0
votes

Occupancy in CUDA is defined as

occupancy = active_warps / maximum_active_warps

What is the difference between a resident CUDA warp and an active one?

From my research on the web it seems that a block is resident (i.e. allocated along with its register/shared memory files) on a SM for the entire duration of its execution. Is there a difference with "being active"?

If I have a kernel which uses very few registers and shared memory.. does it mean that I can have maximum_active_warps resident blocks and achieve 100% occupancy since occupancy just depends on the amount of register/shared memory used?

1
Might be related to this question. - Taro

1 Answers

2
votes

What is the difference between a resident CUDA warp and an active one?

In this context presumably nothing.

From my research on the web it seems that a block is resident (i.e. allocated along with its register/shared memory files) on a SM for the entire duration of its execution. Is there a difference with "being active"?

Now you have switched from asking about warps to asking about blocks. But again, in this context no, you could consider them to be the same.

If I have a kernel which uses very few registers and shared memory.. does it mean that I can have maximum_active_warps resident blocks and achieve 100% occupancy since occupancy just depends on the amount of register/shared memory used?
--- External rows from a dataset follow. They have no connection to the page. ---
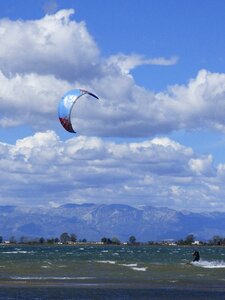 Wind sea ebro delta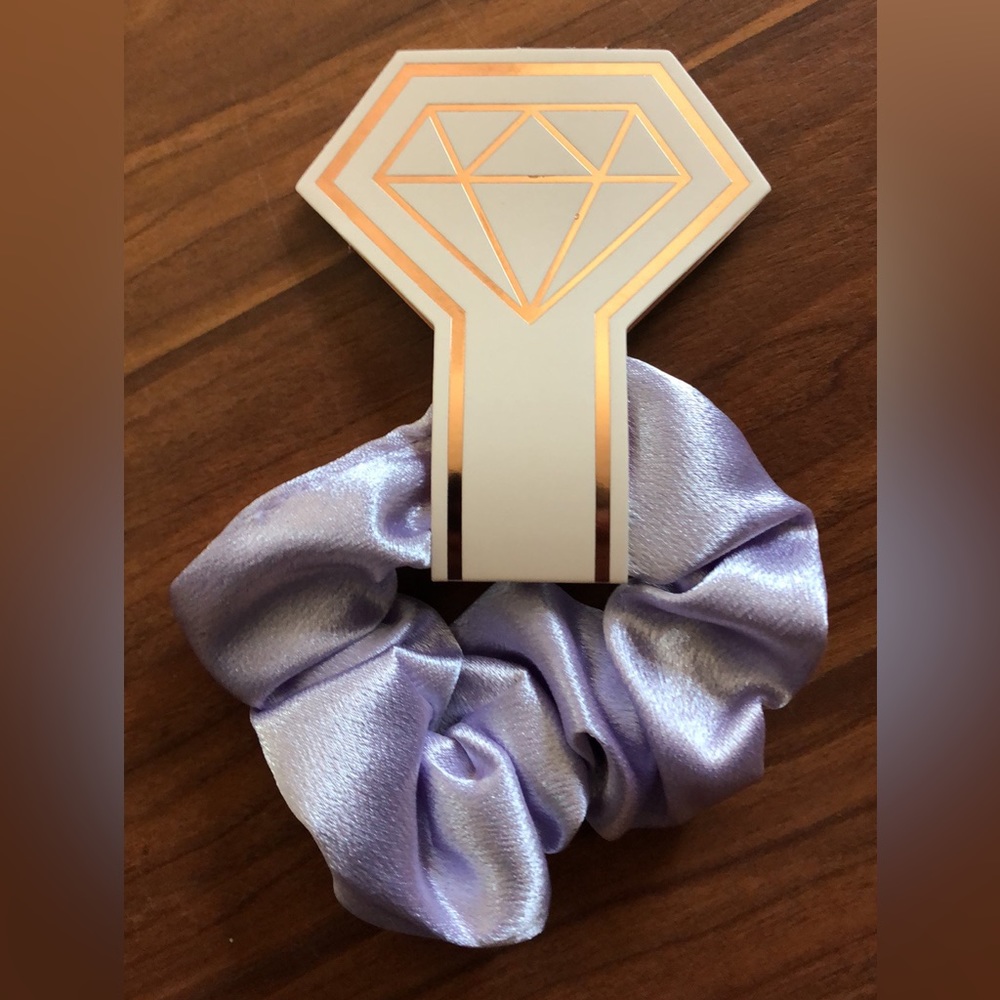 Lavender Bridesmaid Scrunchies (3)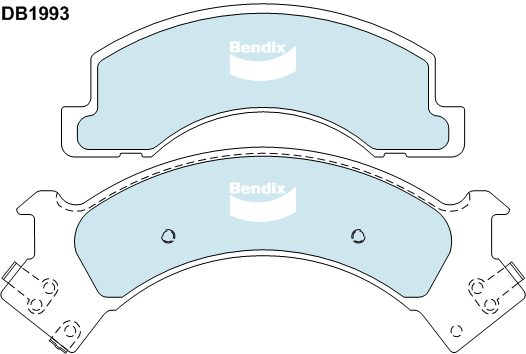 Bendix Heavy Duty Brake Pad Set Front DB1993 HD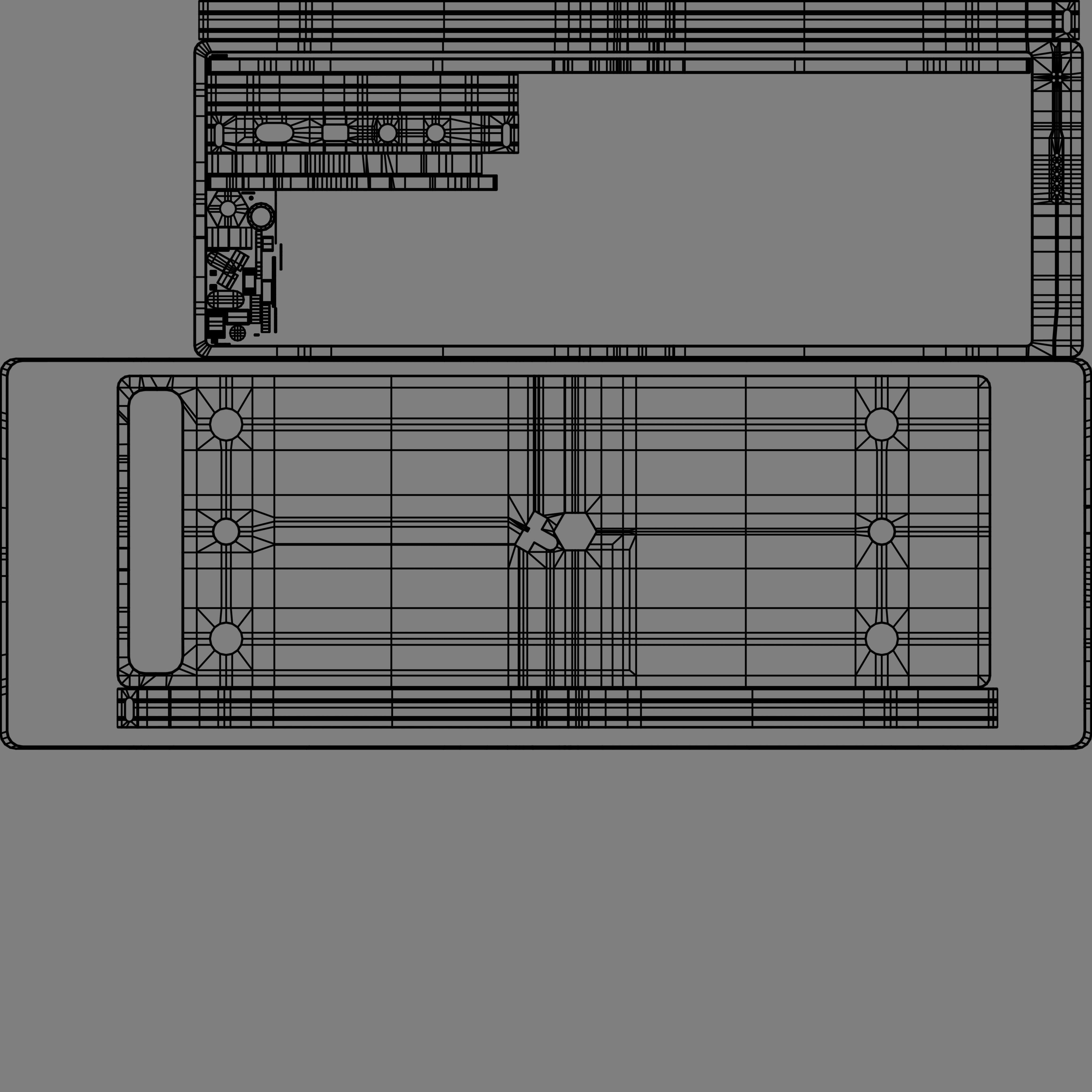 Teenage Engineering OP-1 Portable Synthesizer White  3D model_10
No because a warp and a block are not the same thing. As you yourself have quoted, occupancy is defined in terms of warps, not blocks. The maximum number of warps is fixed at 48 or 64 depending on your hardware. The maximum number of blocks is fixed at 8, 16 or 32 depending on hardware. There are two independent limits which are not the same. Both can influence the effective occupancy a given kernel can achieve.